Common area of interest in today’s environment where several articles published by analysts talks about a concept of “Virtual Data Warehouse“, which is also referred to as “Logical Data Warehouse” in many cases. This is referred to as the next logical step in evolution of data warehouse environments (DWE).
Conceptually, this is an extension to “Data Virtualization” from a technical point of view. A traditional data warehouse environment extensively used ETL tools to fetch and update the data warehouse constantly. Consider a data warehouse platform, which holds only the meta data (i.e. definition of data) layer without holding any actual data. Within this meta data layer interface, developer and users alike will have access to enterprise wide data irrespective of the source system or technology stack. Developers design and publish data models & reports for different requirements whereas users consume the data. Virtual “meta data layer” takes care of fetching, applying business rules and processing the data for final reports.
Some key items to be kept in mind while taking the “Virtual” route to data warehouse implementation
- Push down Operations – Processing logic cannot be delegated to the source systems at all times. In many instances partial results have to be collated and processed within the virtualization layer. Consider an example where a rank of Top 10 products for Top 10 Locations is required. The measures can be only aggregated in source system level, whereas the sorting and ranking operations are done in the virtualization layer.
- Data Quality – Traditional Data Warehouse environments strive to be the “Single source of truth” by implementing several Data Quality initiatives. This is pretty much Non-Existent in virtual data warehouse scenarios. One has to embed the entire data quality logic within the meta data layer or ensure at source system is governed very well. A simple example, wherein two source systems use two date formats i.e. ISO (YYYYMMDD) and US (MMDDYYYY), but the report requires Indian format (DDMMYYYY). Here, the date format cannot be harmonized to a single standardized format, instead conversion has to be performed at all times.
- Security – A heavy dependency is created with all source systems involved in the data warehouse environment. Data security can be implemented at different levels for the same user in different source systems. In some instances, DW users will not have access to all source systems e.g. Accounting Executive vs Reporting Analyst to a Financial system. Data security has to be implemented wholly in the Meta Data layer, but when it comes to synchronizing with other systems the complexity increases exponentially. (NOTE: Some applications today bypass this by using a generic user-id as background connection that has full access to the individual systems back end data.)

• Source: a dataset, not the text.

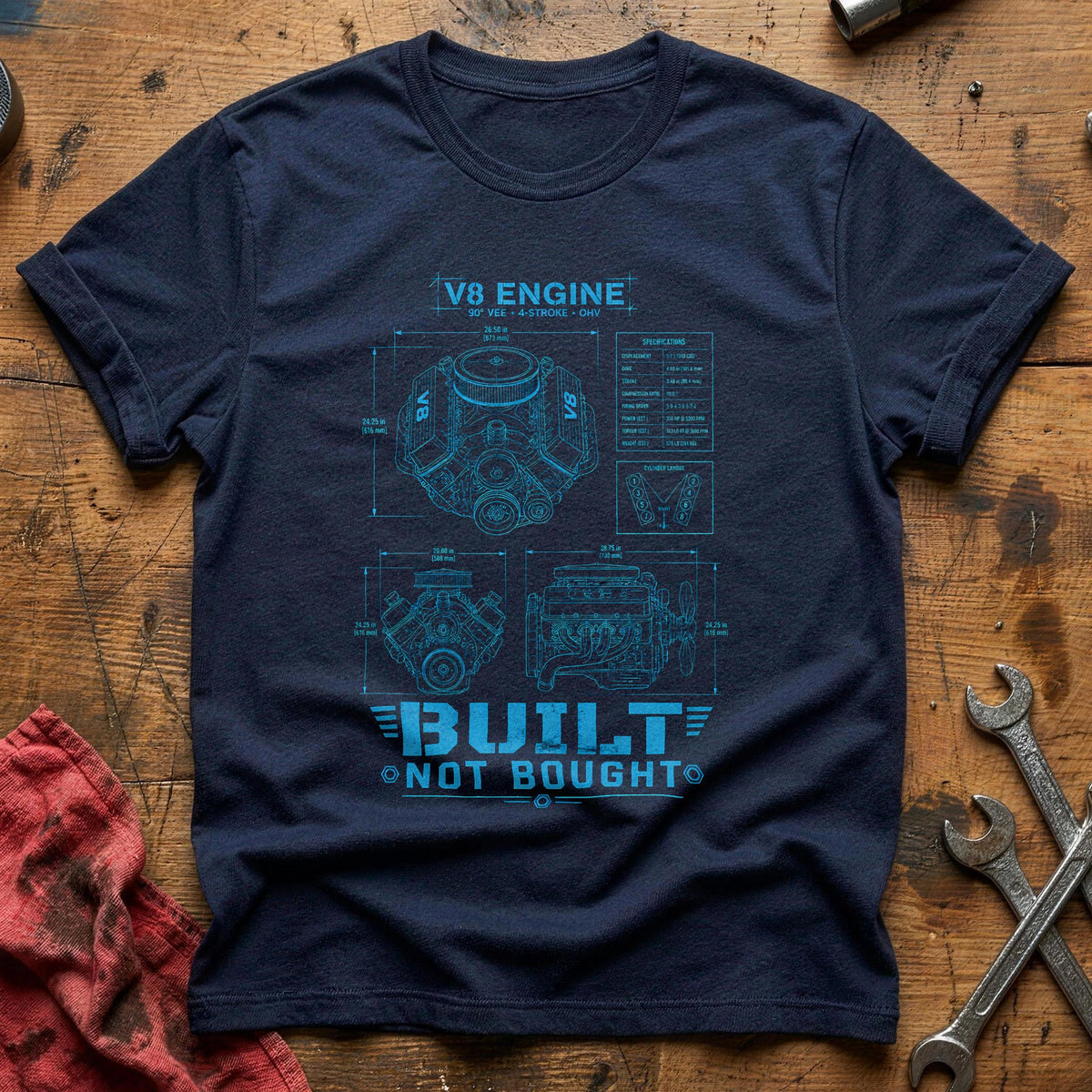 Built Not Bought Blueprint 47 T-Shirt - Navy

- Business Logic – Any piece of code written, irrespective of size and complexity is executed every time at run-time. This additional logic adds to overall processing overhead. If requirements are complex and data volume is large, it will drain the system and bring down performance drastically. The business logic implementation is moved to the source systems, the overhead has just be passed on to the transactional system. Irrespective of the complexity of task e.g. Conversion to upper case VS lookup against cross reference tables, every line of code included to implement business logic has a inverse effect of performance.
- Historical Data – A traditional data warehouse does not retire data. All historical data is retained for analytical needs. Transaction processing system on the contrary archive old data and keep only the “near past” information. This is done in order maintain performance of these transaction processing systems. Scope of data retrieval of an analytical query cannot be predicted due to nature of complex reporting requirements. If source systems do not maintain full history, it directly affects the usability of the data warehouse.
- Performance – Data warehouses have very large data volumes by design, in the order few million to couple of hundred million records. In order to keep performance top notch, summary tables are built on top of the warehouse that are used first and based on user needs, actual detailed data in data warehouse is accessed. It should not be a surprise to note that in real world, around 80% of analytical queries access the detailed data. Working with very large data sets in a virtualized environment will have impact on all items mentioned above.
Conclusion: Virtual Data Warehouse is not mature technology for adaptation in today’s scenario. Hardware and application technology has progressed, but there are several tangible and tacit areas such as Data Quality, Real-Time Reporting, Data Normalization, Business Rules Logic, Changing Dimensions and being Single Source of Truth for reporting to name a few that has to be addressed. Hybrid approach is feasible, which is the path enterprise BI is taking currently. In hybrid approach, the data lineage and business logic is analyzed thoroughly and classified into virtual or materialized data. Data to be materialized are replicated using ETL methods and virtual data is accessed virtually.
SAP HANA provides an option to synchronize via data virtualization with other databases using Smart Data Access interface. SAP BW provides an option called Open ODS views that is a virtual definition without actual data. SAP Business Objects implements this concept through "Information Design Tool", which is the meta data layer. All these above tools are in production environments today albeit the scope is limited.